Ok that’s kind of boring. Wind data is pretty interesting. Let’s look at some ways to plot it:

startDate = as.POSIXct(ymd(20100501))
endDate = as.POSIXct(ymd(20110430))

windWhl = ggplot(wxAll %>% filter( (record == "wSpd" | record == "wSpdMax") &
                                     stn == "whl" &
                                     datetime > startDate &
                                     datetime < endDate )) +
  geom_point(aes(x=datetime, y=value, col=record), size=0.4, alpha=0.3) + 
  scale_color_manual(name="hourly", labels=c("avg", "max"), values=alpha(c("blue","red"), .2)) +
  xlab("time") +
  ylab("Wind speed in m/s") +
  ggtitle("Wheeler Low Elevation Wind Speed Long Term")

windWhl

Wind direction changes a lot, and it’s hard to visualize on cartesian coordinates. One way to look at it for a given time period is as a wind rose on polar coordinates. In this case the wind direction is angle, and the magnitude is the wind speed. We can do a scatter plot on such coordinates. The downside is that it contains no information about the sequence of the measurements.

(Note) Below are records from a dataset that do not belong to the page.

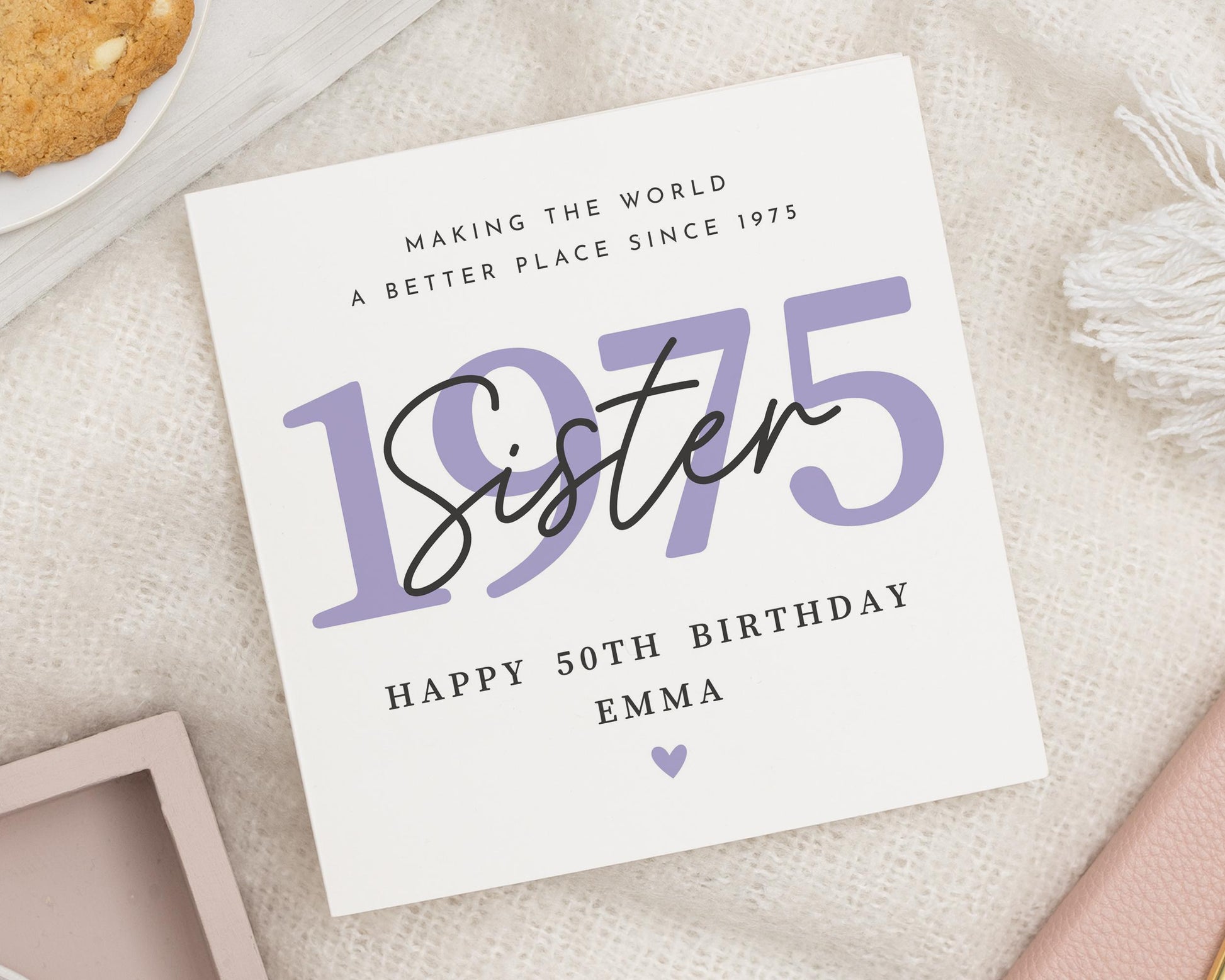50th Birthday Card for Sister, Personalised Sister Birthday Card, 1975 Birthday Card, Happy 50th Birthday Card for Her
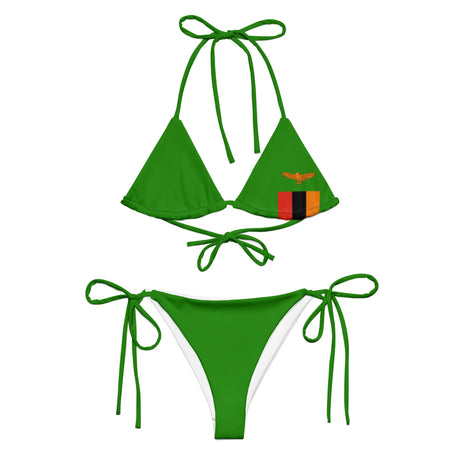 Bikini drapeau zambie cordon recyclé orné impression all over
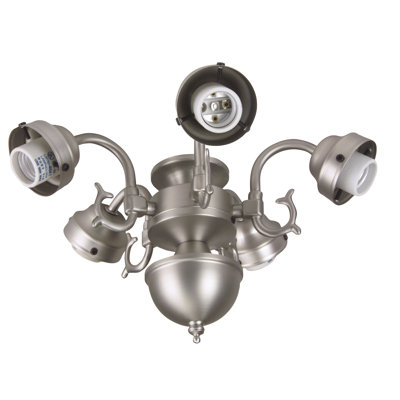 Compact Fluorescent Decorative Scroll 5-Light Universal Ceiling Fan Light Fitter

To do this, I do need to transform the data into a wide dataframe

startDate = as.POSIXct(ymd(20100501))
endDate = as.POSIXct(ymd(20110430))


wind = wxAll %>% 
  filter(type == 1) %>% 
  filter( record %in% c("wSpd", "wSpdMax", "wDir") ) %>%
  spread(record, value)

polarWindWhl = ggplot(wind %>% filter( stn == "whl" & 
                                         datetime > startDate & 
                                         datetime < endDate )) +
  geom_point(aes(x=wDir, y=wSpdMax), color="red", alpha=0.1, shape=16) +
  geom_point(aes(x=wDir, y=wSpd), color="blue", alpha=0.1, shape=16) +
  coord_polar() +
  scale_x_continuous(labels = c("N","NE","E","SE","S","SW","W","NW"),
                     breaks = c(0, 45, 90, 135, 180, 225, 270, 315)) +
  scale_y_continuous(name="m/s", breaks=c(0,5,10,15,20,25,30),limits=c(0,20)) +
  ylim(0,18) +
  ylab("") + 
  xlab("blue: hly avg | red: hly max") +
  ggtitle("Scatterplot of wind speed vs. direction for AY 2010/11")
## Scale for 'y' is already present. Adding another scale for 'y', which
## will replace the existing scale.
polarWindWhl
## Warning: Removed 36 rows containing missing values (geom_point).